__Problem__: Set down, please, exactly the lines below that run from the line with "Deux par Deux" to the line with "UV Sun Protection", both lines included.

__Records provided__:
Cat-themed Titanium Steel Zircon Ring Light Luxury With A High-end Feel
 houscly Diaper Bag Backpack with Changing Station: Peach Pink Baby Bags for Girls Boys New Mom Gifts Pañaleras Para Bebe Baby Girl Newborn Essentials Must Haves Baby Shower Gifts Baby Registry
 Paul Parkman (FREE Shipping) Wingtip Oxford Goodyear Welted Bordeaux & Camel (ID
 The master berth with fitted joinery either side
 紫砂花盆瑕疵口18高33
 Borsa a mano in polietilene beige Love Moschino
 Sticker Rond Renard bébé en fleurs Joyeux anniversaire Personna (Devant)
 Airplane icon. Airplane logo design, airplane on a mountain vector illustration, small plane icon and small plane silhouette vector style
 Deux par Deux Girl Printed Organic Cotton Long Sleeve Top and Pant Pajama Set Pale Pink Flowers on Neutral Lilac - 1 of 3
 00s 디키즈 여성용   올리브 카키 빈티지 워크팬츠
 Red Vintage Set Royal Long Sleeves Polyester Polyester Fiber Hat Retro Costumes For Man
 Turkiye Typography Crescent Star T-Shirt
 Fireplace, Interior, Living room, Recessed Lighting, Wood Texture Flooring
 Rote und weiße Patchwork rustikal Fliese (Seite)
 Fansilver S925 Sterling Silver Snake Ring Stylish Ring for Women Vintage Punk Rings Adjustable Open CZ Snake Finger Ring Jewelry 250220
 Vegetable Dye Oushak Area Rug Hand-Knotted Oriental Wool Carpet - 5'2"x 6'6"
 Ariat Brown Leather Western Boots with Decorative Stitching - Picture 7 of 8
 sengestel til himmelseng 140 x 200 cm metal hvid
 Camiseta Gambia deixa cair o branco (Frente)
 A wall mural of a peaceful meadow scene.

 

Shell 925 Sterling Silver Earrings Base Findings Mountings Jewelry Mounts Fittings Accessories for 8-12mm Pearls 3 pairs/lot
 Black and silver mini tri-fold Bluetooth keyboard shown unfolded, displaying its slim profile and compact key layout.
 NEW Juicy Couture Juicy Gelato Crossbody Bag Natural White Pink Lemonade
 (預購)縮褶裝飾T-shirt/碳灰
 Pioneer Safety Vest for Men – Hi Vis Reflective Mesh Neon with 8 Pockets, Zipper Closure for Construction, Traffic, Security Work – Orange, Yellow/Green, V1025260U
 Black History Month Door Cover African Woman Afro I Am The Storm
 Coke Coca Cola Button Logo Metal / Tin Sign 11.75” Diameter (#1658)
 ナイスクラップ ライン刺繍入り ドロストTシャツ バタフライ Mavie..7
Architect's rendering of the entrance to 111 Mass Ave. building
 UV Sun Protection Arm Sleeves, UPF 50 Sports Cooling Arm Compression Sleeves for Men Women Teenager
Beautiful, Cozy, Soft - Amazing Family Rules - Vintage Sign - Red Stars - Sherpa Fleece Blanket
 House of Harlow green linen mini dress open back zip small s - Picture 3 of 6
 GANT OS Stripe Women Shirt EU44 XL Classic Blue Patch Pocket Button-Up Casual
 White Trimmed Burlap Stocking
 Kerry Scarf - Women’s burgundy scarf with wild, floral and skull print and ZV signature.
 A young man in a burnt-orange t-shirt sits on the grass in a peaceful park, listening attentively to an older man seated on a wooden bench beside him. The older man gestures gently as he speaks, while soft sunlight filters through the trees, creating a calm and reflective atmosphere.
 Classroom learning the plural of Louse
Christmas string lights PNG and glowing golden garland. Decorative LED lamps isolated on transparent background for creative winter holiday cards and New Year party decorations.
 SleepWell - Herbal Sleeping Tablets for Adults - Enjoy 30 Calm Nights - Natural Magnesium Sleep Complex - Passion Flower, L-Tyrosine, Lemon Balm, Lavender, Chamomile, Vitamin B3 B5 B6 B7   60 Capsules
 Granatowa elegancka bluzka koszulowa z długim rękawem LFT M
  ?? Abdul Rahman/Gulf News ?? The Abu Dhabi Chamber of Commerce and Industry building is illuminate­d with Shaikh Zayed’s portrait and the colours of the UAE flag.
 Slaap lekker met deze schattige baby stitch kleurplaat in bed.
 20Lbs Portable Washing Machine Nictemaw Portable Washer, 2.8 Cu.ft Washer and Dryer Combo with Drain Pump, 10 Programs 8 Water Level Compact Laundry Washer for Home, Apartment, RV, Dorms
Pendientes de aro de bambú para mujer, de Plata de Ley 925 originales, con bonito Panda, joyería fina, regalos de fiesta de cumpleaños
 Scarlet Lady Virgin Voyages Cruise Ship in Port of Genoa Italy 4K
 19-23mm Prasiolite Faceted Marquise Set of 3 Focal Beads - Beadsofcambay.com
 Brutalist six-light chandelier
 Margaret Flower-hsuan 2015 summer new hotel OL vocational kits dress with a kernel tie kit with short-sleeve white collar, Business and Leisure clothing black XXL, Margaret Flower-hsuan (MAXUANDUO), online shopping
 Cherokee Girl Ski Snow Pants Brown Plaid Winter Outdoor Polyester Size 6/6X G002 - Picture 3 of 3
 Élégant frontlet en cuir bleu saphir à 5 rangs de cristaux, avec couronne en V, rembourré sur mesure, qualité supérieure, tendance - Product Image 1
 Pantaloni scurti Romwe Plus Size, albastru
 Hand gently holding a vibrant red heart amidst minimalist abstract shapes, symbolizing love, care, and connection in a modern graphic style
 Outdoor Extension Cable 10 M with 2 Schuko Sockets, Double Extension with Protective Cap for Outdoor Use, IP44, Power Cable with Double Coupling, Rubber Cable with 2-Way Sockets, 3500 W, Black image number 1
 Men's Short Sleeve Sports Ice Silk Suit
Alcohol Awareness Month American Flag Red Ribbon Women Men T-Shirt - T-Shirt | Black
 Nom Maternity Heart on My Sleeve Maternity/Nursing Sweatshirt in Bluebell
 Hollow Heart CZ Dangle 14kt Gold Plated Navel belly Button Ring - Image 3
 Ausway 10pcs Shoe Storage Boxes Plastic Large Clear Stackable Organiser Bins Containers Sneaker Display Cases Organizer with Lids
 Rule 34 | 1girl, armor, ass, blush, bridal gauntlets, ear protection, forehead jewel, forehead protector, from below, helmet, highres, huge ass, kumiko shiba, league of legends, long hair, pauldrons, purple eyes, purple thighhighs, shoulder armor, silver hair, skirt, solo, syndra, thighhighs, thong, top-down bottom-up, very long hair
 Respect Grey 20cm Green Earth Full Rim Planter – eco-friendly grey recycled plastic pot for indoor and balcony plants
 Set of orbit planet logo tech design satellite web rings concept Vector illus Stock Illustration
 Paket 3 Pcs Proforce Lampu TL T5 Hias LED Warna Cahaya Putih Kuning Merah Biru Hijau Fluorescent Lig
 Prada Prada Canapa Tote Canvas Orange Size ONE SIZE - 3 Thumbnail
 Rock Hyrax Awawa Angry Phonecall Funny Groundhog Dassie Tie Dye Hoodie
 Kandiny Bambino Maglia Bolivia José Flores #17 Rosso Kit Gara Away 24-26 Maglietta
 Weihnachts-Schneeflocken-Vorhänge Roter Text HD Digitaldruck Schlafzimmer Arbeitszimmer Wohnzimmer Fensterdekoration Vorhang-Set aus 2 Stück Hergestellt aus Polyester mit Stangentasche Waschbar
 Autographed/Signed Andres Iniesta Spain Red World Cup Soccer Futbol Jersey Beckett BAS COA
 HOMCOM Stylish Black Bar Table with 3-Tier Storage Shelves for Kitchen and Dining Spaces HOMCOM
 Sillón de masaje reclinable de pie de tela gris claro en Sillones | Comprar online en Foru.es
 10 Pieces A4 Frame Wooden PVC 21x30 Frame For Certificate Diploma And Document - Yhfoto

__Expected output__:
 Deux par Deux Girl Printed Organic Cotton Long Sleeve Top and Pant Pajama Set Pale Pink Flowers on Neutral Lilac - 1 of 3
 00s 디키즈 여성용   올리브 카키 빈티지 워크팬츠
 Red Vintage Set Royal Long Sleeves Polyester Polyester Fiber Hat Retro Costumes For Man
 Turkiye Typography Crescent Star T-Shirt
 Fireplace, Interior, Living room, Recessed Lighting, Wood Texture Flooring
 Rote und weiße Patchwork rustikal Fliese (Seite)
 Fansilver S925 Sterling Silver Snake Ring Stylish Ring for Women Vintage Punk Rings Adjustable Open CZ Snake Finger Ring Jewelry 250220
 Vegetable Dye Oushak Area Rug Hand-Knotted Oriental Wool Carpet - 5'2"x 6'6"
 Ariat Brown Leather Western Boots with Decorative Stitching - Picture 7 of 8
 sengestel til himmelseng 140 x 200 cm metal hvid
 Camiseta Gambia deixa cair o branco (Frente)
 A wall mural of a peaceful meadow scene.

 

Shell 925 Sterling Silver Earrings Base Findings Mountings Jewelry Mounts Fittings Accessories for 8-12mm Pearls 3 pairs/lot
 Black and silver mini tri-fold Bluetooth keyboard shown unfolded, displaying its slim profile and compact key layout.
 NEW Juicy Couture Juicy Gelato Crossbody Bag Natural White Pink Lemonade
 (預購)縮褶裝飾T-shirt/碳灰
 Pioneer Safety Vest for Men – Hi Vis Reflective Mesh Neon with 8 Pockets, Zipper Closure for Construction, Traffic, Security Work – Orange, Yellow/Green, V1025260U
 Black History Month Door Cover African Woman Afro I Am The Storm
 Coke Coca Cola Button Logo Metal / Tin Sign 11.75” Diameter (#1658)
 ナイスクラップ ライン刺繍入り ドロストTシャツ バタフライ Mavie..7
Architect's rendering of the entrance to 111 Mass Ave. building
 UV Sun Protection Arm Sleeves, UPF 50 Sports Cooling Arm Compression Sleeves for Men Women Teenager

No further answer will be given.